WHAT TO WORK ON: Below are entries; copy exactly, and only, the lines from the one containing "Pastillas de freno" through their final line, leaving out pictures.

DATA FOR THE TASK:
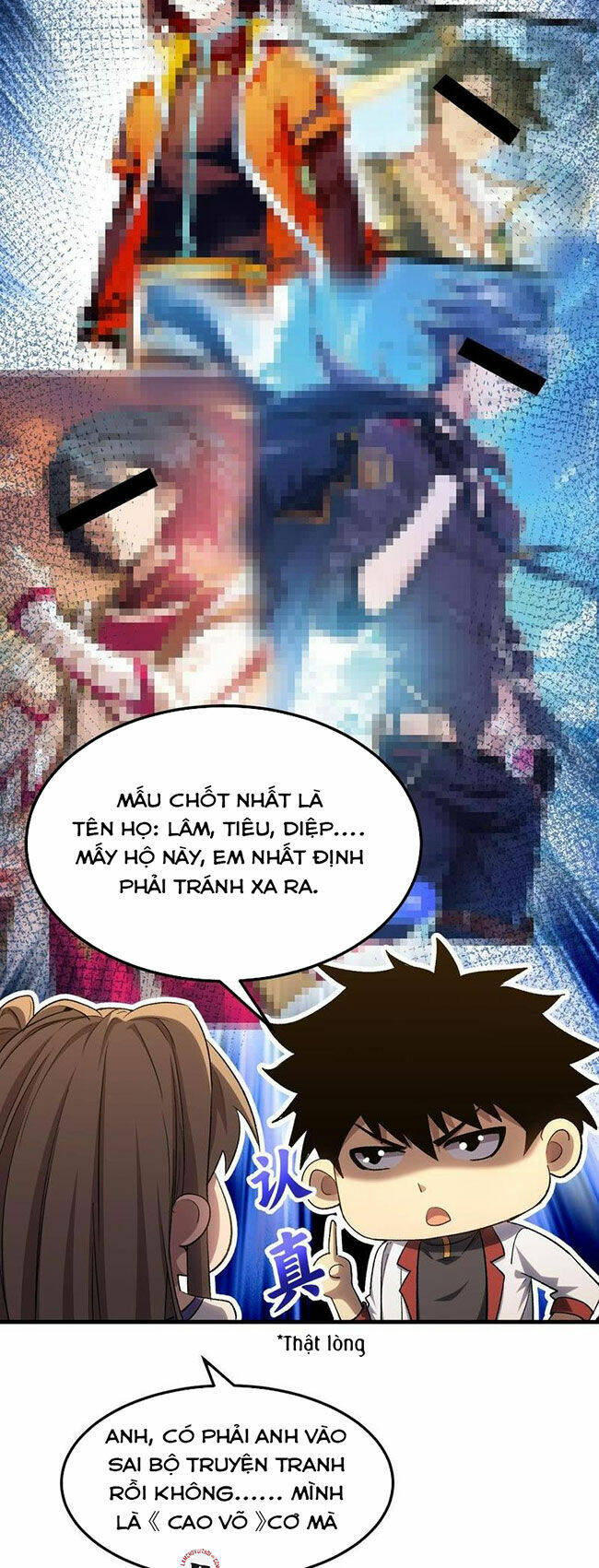 Cao Võ Hạ Cánh Đến Một Vạn Năm Sau Chap 97 - Next Chap 98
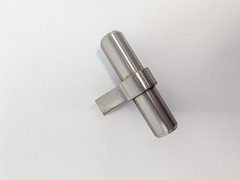 43x GlideRite 2-1/4″ Euro Bar Cabinet T-Knob Stainless Steel 4002-T-SS-1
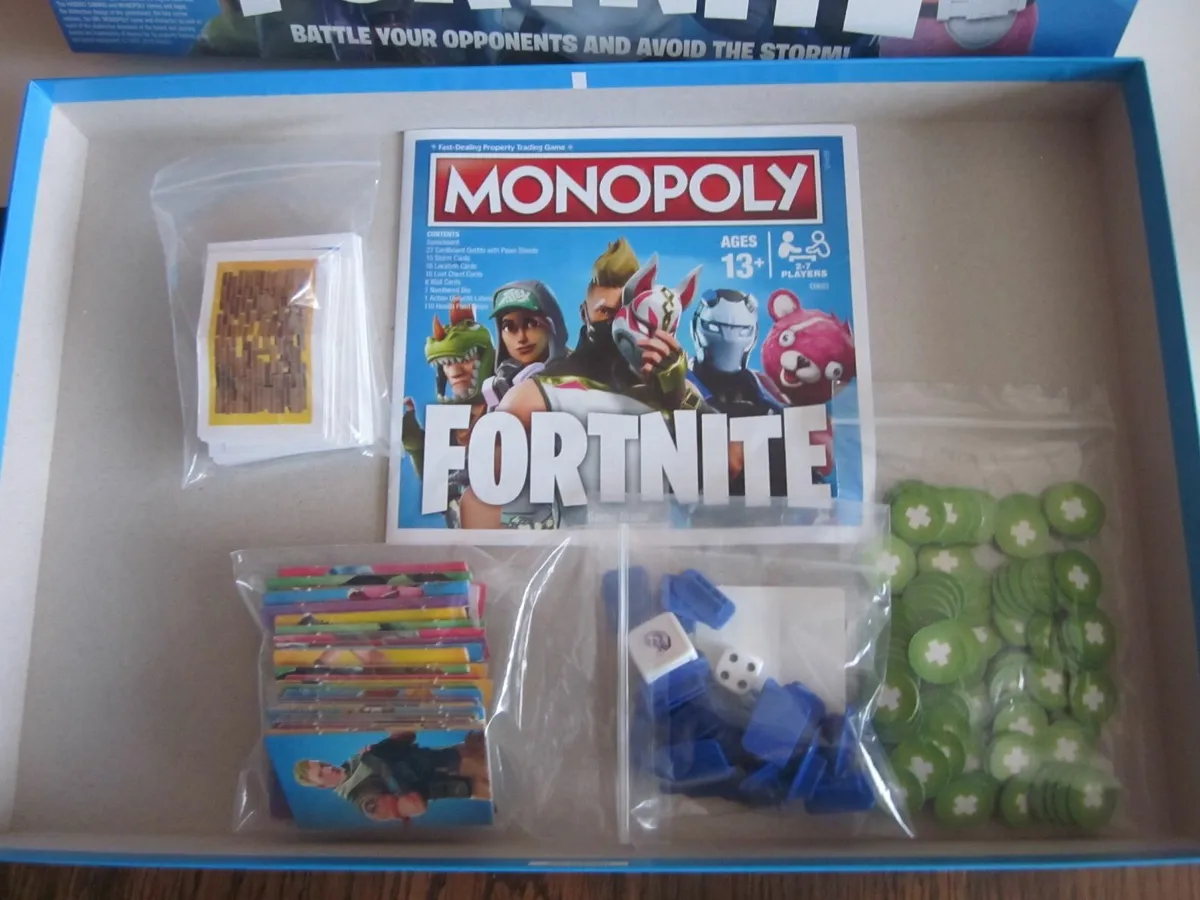 Monopoly Fortnite Board Game - Image 3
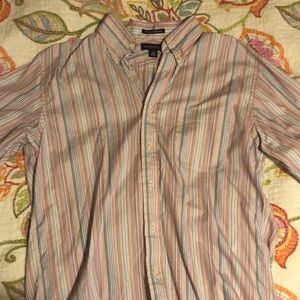 Medium Lands’ End long sleeve button up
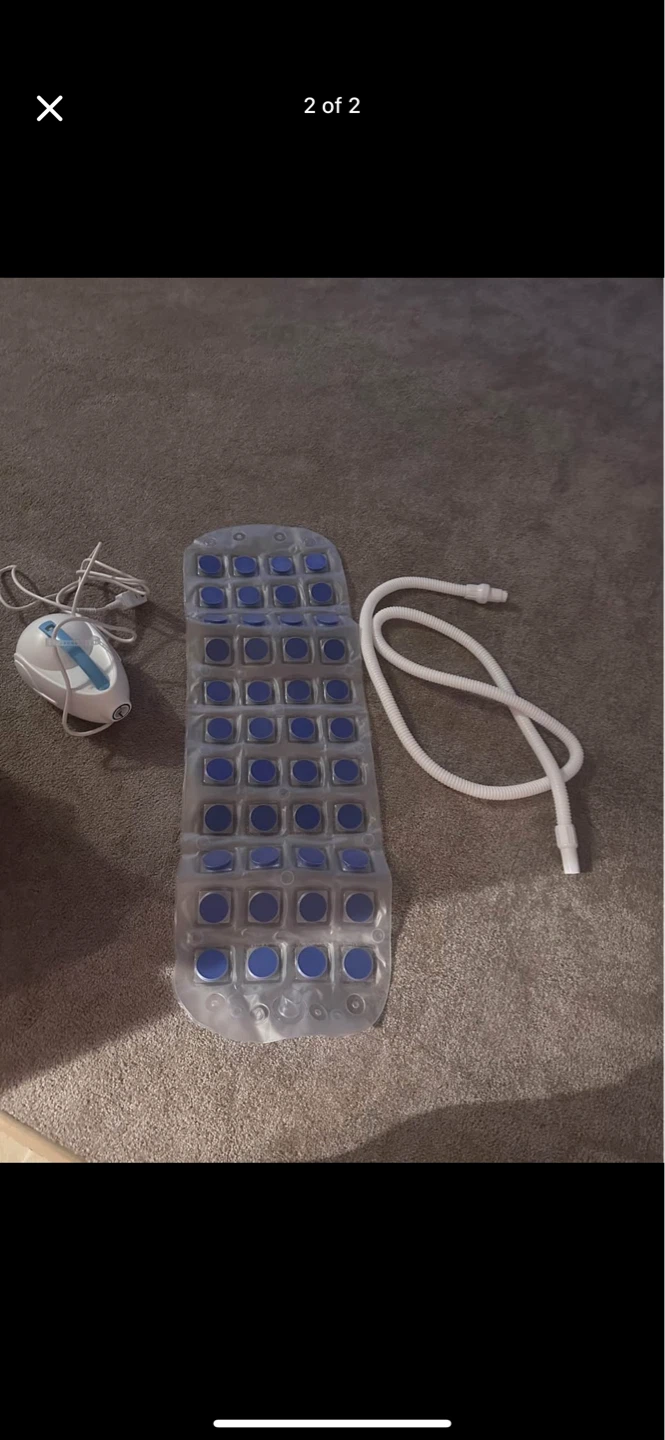 Serenelife Bubble Bath Mat Body Spa Massage - photo 2
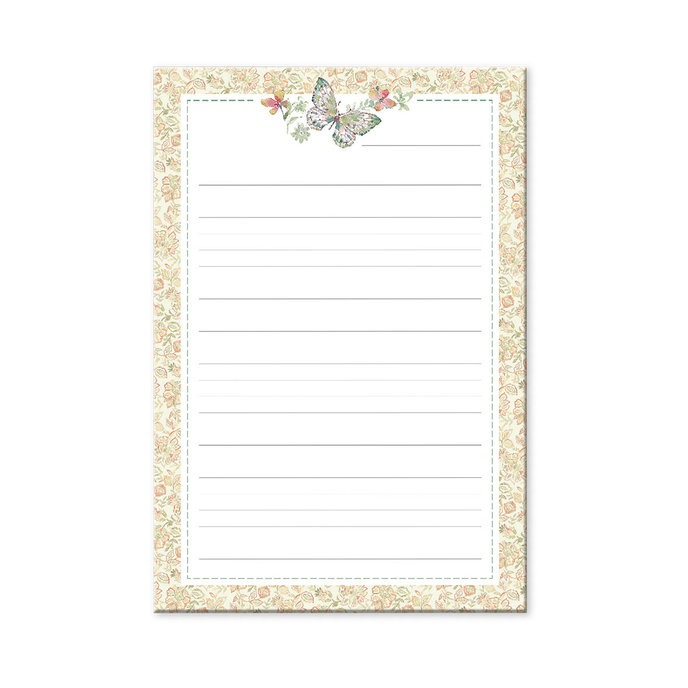 1051-0410 Listová súprava Butterfly garden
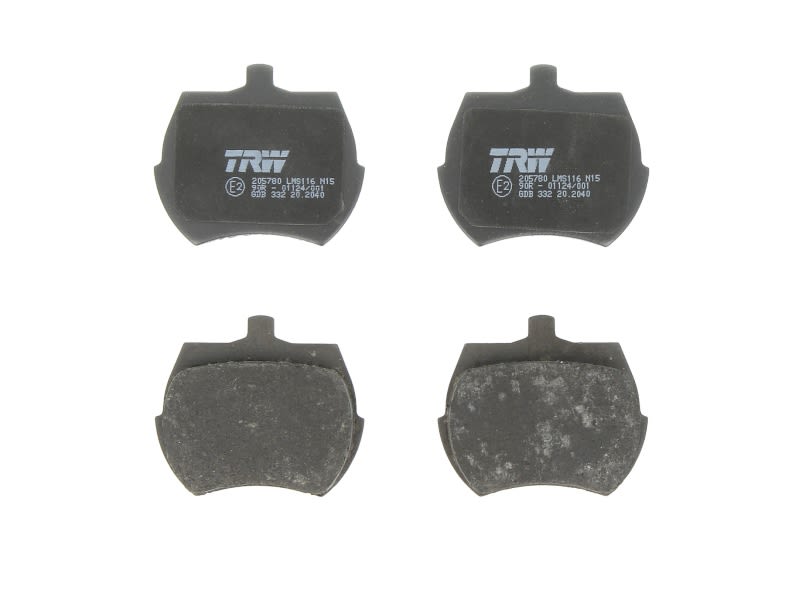 Pastillas de freno de disco TRW GDB332 para Innocenti Mini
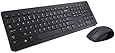 Dell Wireless Keyboard and Mouse - Black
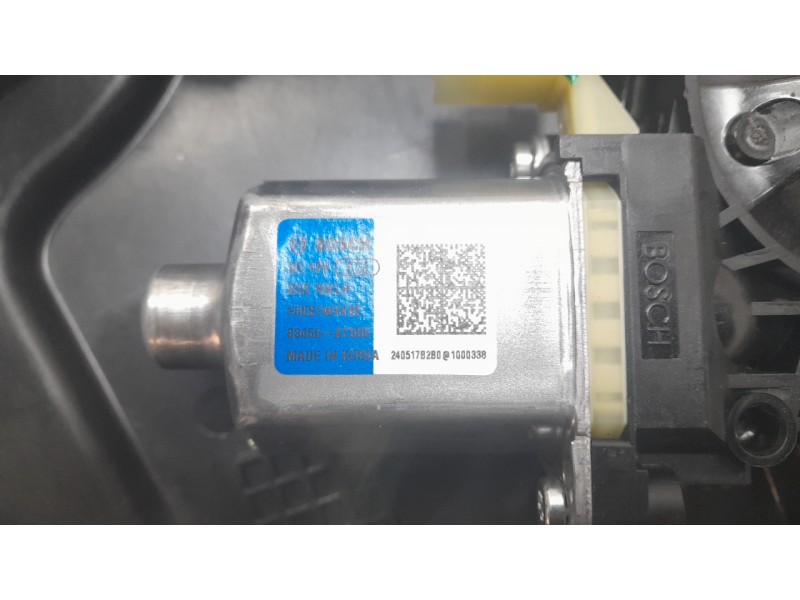 Recambio de elevalunas trasero izquierdo para kia niro ii (sg2) 1.6 gdi hybrid referencia OEM IAM 83470AT000 83450AT000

COMPLETED TASK:
 Pastillas de freno de disco TRW GDB332 para Innocenti Mini
 Dell Wireless Keyboard and Mouse - Black
 Recambio de elevalunas trasero izquierdo para kia niro ii (sg2) 1.6 gdi hybrid referencia OEM IAM 83470AT000 83450AT000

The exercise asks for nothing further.